As permitted by applicable law, some of these rights are varied in respect of the upcoming Annual General Meeting of the Company due to the present circumstances regarding the Covid-19 pandemic. Subject to any rights or restrictions attached to any shares, on a show of hands, every member who is present in person has one vote and every proxy present who has been duly appointed has one vote. However, if the proxy has been duly appointed by more than one member entitled to vote on the resolution, and is instructed by one or more of those members to vote for the resolution and by one or more others to vote against it, or is instructed by one or more of those members to vote in one way and is given discretion as to how to vote by one or more others (and wishes to use that discretion to vote in the other way) he or she has one vote for and one vote against the resolution. Every corporate representative present who has been duly authorised by a corporation has the same voting rights as the corporation. On a poll, every member present in person or by duly appointed proxy or corporate representative has one vote for every share of which they are the holder or in respect of which their appointment as proxy or corporate representative has been made.

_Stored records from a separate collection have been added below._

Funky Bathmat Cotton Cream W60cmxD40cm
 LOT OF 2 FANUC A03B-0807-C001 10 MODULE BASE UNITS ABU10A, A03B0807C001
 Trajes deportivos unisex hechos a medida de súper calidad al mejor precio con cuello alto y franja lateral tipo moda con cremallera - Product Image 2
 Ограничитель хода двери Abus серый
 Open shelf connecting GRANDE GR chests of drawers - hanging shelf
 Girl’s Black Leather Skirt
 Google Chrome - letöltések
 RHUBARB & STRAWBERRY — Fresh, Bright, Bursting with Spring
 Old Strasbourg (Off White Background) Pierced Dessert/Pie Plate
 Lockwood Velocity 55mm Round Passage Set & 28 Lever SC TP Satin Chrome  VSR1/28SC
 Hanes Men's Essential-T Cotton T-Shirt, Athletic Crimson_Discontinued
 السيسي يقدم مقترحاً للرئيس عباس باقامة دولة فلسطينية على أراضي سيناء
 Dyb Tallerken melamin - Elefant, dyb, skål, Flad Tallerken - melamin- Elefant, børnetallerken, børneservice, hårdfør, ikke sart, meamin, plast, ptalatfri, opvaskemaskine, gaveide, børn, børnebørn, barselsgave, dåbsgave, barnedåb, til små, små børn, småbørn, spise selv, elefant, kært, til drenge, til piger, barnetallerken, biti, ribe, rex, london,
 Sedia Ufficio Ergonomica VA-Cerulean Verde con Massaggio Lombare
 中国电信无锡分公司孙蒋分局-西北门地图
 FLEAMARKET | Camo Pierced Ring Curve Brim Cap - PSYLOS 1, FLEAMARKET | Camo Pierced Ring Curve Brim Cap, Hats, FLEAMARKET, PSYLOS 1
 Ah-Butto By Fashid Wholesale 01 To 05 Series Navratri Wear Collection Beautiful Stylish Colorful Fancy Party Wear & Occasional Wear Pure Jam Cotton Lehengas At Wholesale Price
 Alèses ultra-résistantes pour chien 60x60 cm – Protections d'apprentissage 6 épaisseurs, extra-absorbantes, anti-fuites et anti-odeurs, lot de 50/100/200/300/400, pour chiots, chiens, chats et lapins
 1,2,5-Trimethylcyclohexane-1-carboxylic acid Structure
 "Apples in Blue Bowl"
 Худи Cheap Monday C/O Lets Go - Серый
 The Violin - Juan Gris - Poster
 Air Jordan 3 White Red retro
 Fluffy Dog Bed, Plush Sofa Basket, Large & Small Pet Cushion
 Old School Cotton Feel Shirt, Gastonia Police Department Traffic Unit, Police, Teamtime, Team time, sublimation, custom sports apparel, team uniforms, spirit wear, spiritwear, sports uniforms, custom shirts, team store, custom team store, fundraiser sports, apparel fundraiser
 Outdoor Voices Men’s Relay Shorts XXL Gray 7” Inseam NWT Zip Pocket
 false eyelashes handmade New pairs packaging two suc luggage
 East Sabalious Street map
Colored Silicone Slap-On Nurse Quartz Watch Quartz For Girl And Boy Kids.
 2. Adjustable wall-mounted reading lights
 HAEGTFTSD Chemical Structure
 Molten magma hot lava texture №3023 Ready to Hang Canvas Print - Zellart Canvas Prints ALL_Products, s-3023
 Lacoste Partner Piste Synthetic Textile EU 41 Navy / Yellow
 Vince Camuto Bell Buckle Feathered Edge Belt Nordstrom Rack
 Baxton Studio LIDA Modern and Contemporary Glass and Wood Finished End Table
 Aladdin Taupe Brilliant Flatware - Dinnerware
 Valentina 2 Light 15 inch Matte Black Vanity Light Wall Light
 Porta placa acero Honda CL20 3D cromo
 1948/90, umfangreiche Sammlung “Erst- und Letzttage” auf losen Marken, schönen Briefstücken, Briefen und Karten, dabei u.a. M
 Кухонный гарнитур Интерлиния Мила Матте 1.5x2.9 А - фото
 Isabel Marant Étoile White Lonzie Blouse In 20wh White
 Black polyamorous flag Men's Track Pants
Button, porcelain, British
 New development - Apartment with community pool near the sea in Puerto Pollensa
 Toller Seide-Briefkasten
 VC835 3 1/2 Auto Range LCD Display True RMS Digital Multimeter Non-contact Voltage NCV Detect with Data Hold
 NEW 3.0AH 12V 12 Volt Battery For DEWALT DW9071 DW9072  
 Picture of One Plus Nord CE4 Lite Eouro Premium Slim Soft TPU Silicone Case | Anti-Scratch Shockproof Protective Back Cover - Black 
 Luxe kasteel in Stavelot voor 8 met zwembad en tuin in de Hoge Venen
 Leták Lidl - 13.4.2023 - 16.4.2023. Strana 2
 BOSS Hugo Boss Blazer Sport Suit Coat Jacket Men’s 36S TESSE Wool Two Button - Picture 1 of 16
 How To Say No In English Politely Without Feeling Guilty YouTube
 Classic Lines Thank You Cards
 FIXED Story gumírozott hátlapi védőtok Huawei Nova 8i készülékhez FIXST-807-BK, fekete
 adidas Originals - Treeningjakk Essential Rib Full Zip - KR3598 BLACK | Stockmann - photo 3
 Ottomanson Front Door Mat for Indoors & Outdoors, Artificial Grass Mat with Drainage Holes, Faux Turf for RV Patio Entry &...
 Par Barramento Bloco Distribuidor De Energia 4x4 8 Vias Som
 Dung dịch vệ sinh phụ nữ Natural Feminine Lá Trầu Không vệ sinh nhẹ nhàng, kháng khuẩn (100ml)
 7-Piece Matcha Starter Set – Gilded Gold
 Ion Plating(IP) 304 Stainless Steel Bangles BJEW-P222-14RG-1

A member, proxy or corporate representative entitled to more than one vote need not, if they vote, use all their votes or cast all the votes they use the same way. In the case of joint holders, the vote of the senior who tenders a vote shall be accepted to the exclusion of the votes of the other joint holders, and seniority shall be determined by the order in which the names of the holders stand in the register of members. A member is entitled to appoint another person as his proxy to exercise all or any of their rights to attend and to speak and vote at a meeting of the Company.

The appointment of a proxy shall be deemed also to confer authority to demand or join in demanding a poll. Delivery of an appointment of proxy shall not preclude a member from attending and voting at the meeting or at any adjournment of it. A proxy need not be a member. A member may appoint more than one proxy in relation to a meeting, provided that each proxy is appointed to exercise the rights attached to a different share or shares held by them.

Transfers

There are no restrictions on transfers of Ordinary Shares except: a) dealings by Directors, Persons Discharging Managerial Responsibilities and their connected persons which may constitute insider dealing or are otherwise prohibited by the rules of the UKLA; b) transfers to more than four joint holders; c) transfers to US persons other than as specifically permitted by the Directors; d) if, in the Directors’ opinion, the assets of the Company might become “plan assets” for the purposes of US ERISA 1974; and e) transfers which in the opinion of the Directors would cause material legal, regulatory, financial or tax disadvantage to the Company.

Appendix 3

Agreements with Service Providers

Investment Management Agreement

The Investment Manager, LTL, is engaged under the terms of an amended and restated management agreement dated 10 November 2020 (the “IMA”). Details of the IMA are given in note 6 to the Financial Statements. The IMA is terminable on twelve months’ notice by either party.

The IMA, which has been in place since 21 December 2001, as amended from time to time, was amended during the period to which the Financial Statements relate, on 10 November 2020. The principal amendment was to the calculation of the Investment Management Fee and had the effect of reducing the fees to which LTL was entitled and more accurately reflecting the practice of LTL in charging the Investment Management Fee. Details of the Investment Management Fee and this change are set out below. The IMA was also amended to codify the stated practice of LTL not to charge the Investment Management Fee on holdings by the Company in other funds managed by LTL. The other amendments were non-substantive and intended to update the contract and more accurately reflect the services provided by LTL to the Company.

The IMA was further amended after the period to which the Financial Statements relate, on 3 June 2021. Those amendments related to the Performance Fee, details of which are set out below, and a clarification amendment to the Management Fee provisions.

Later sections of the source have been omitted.